### Exercise objective
Emit the data below verbatim, stripping out any pictures.

### Task material
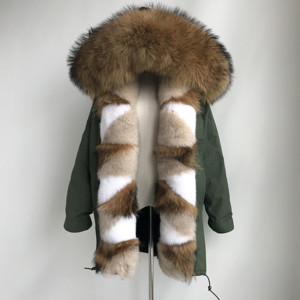 <span class=keywords><strong>Parka</strong></span> <span class=keywords><strong>imperméable</strong></span> pour femmes, sweat à <span class=keywords><strong>capuche</strong></span> chaud et personnalisé, Style coréen, Long épais, <span class=keywords><strong>avec</strong></span> col en fourrure, vente en gros, tendance - Product Image 5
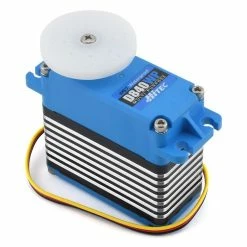 Best Pirce ๐งจ Hitec D840WP Waterproof High Speed Steel Gear Large Scale Servo (High Voltage) ๐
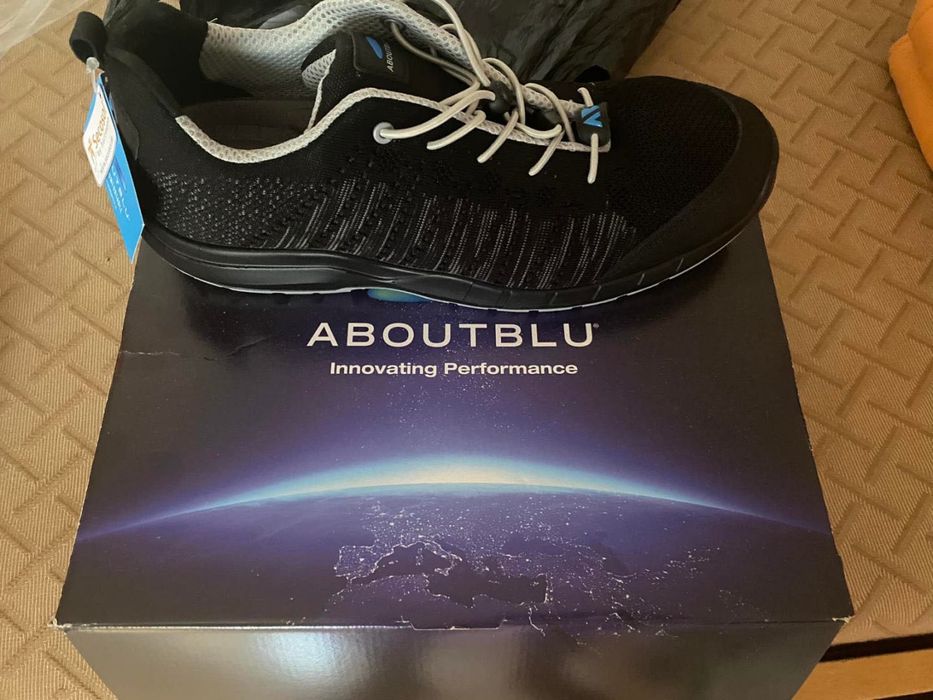 Работни обувки ABOUTBLU - 46 номер модел LE MANS S3 - неизползвани
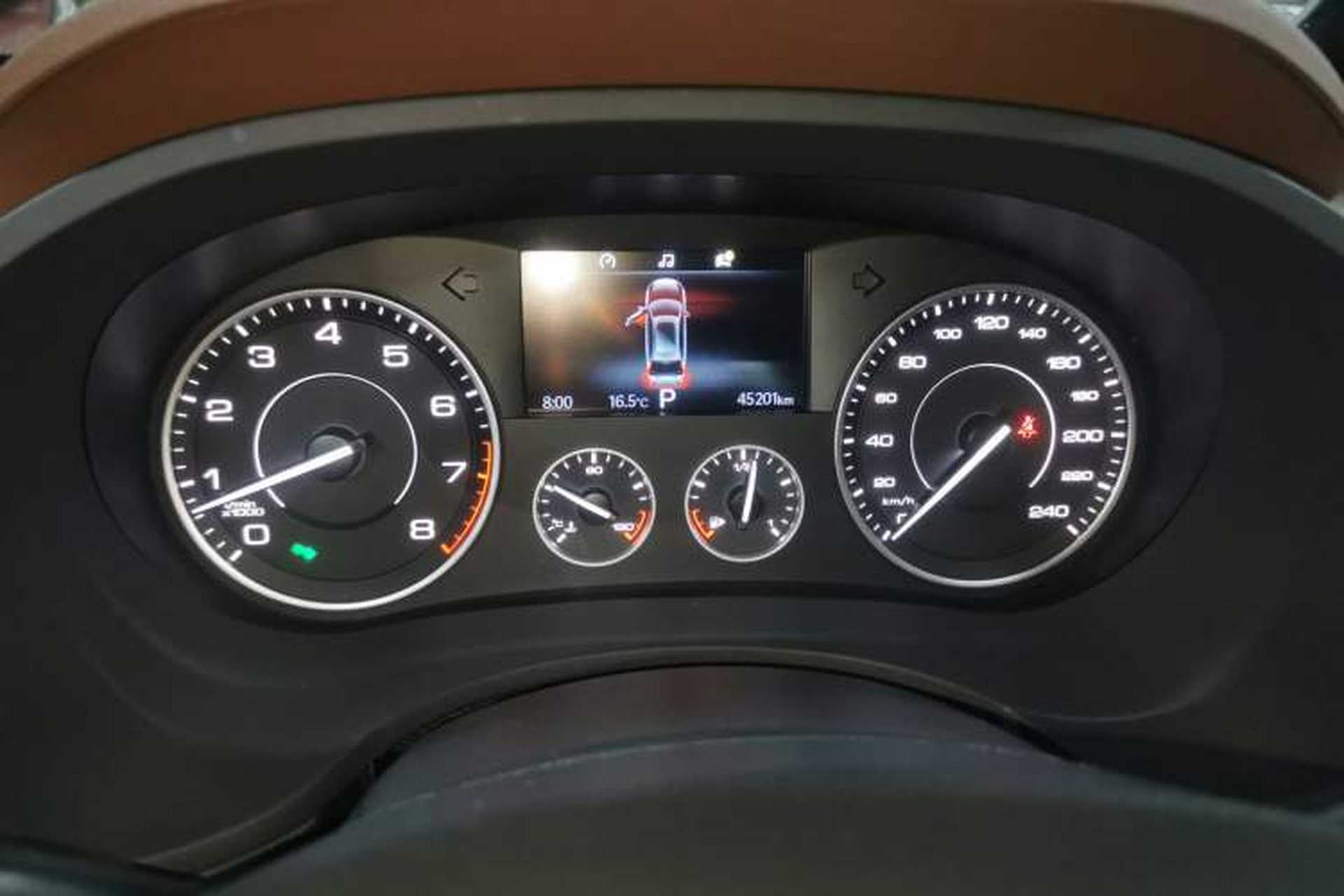 Used BORGWARD BX5 2017 25TGDI Automatic Two-Wheel Drive Smart Enjoyment Model Instrument Cluster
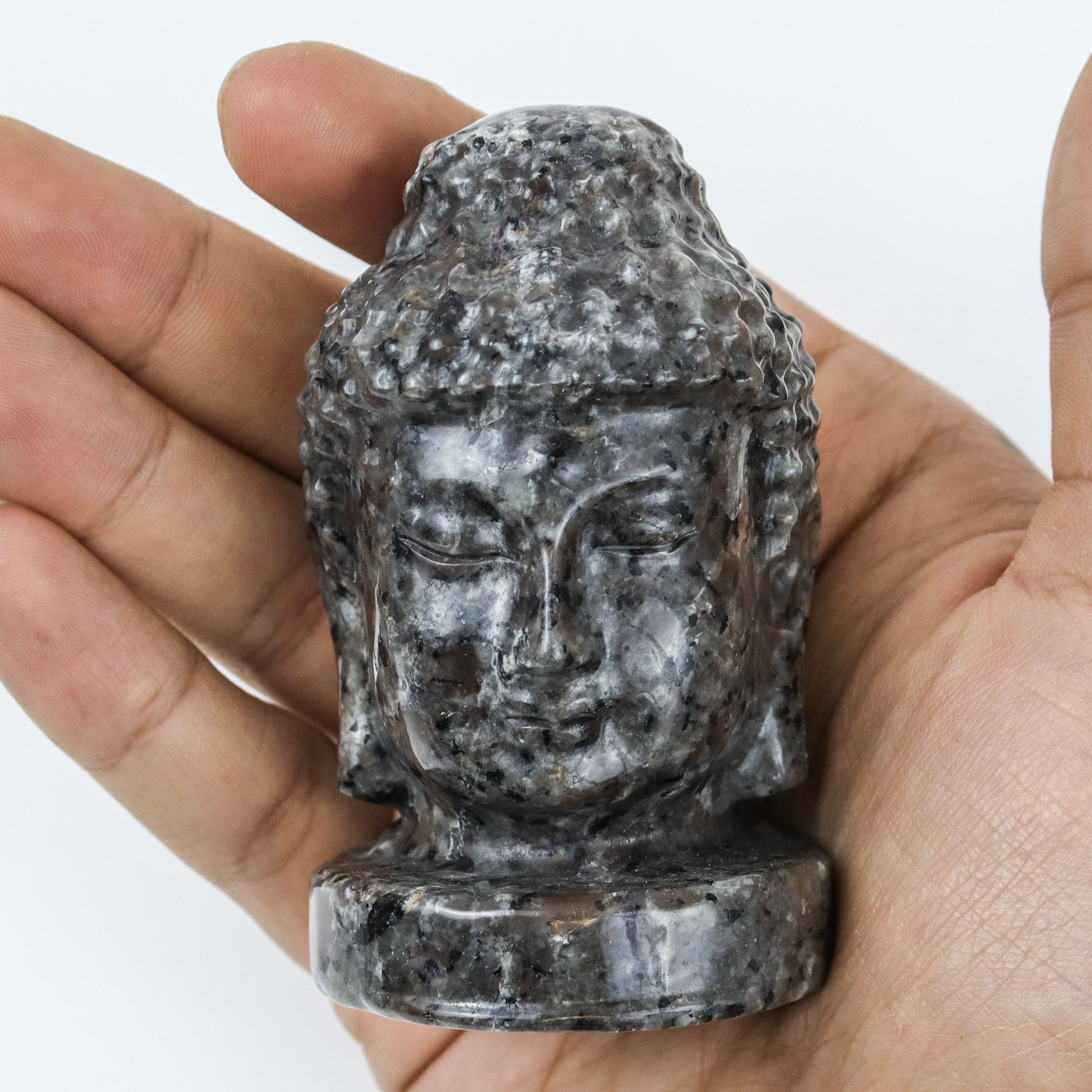 3 Inch Yooperlite Buddha Head $24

### Task output
 <span class=keywords><strong>Parka</strong></span> <span class=keywords><strong>imperméable</strong></span> pour femmes, sweat à <span class=keywords><strong>capuche</strong></span> chaud et personnalisé, Style coréen, Long épais, <span class=keywords><strong>avec</strong></span> col en fourrure, vente en gros, tendance - Product Image 5
 Best Pirce ๐งจ Hitec D840WP Waterproof High Speed Steel Gear Large Scale Servo (High Voltage) ๐
 Работни обувки ABOUTBLU - 46 номер модел LE MANS S3 - неизползвани
 Used BORGWARD BX5 2017 25TGDI Automatic Two-Wheel Drive Smart Enjoyment Model Instrument Cluster
 3 Inch Yooperlite Buddha Head $24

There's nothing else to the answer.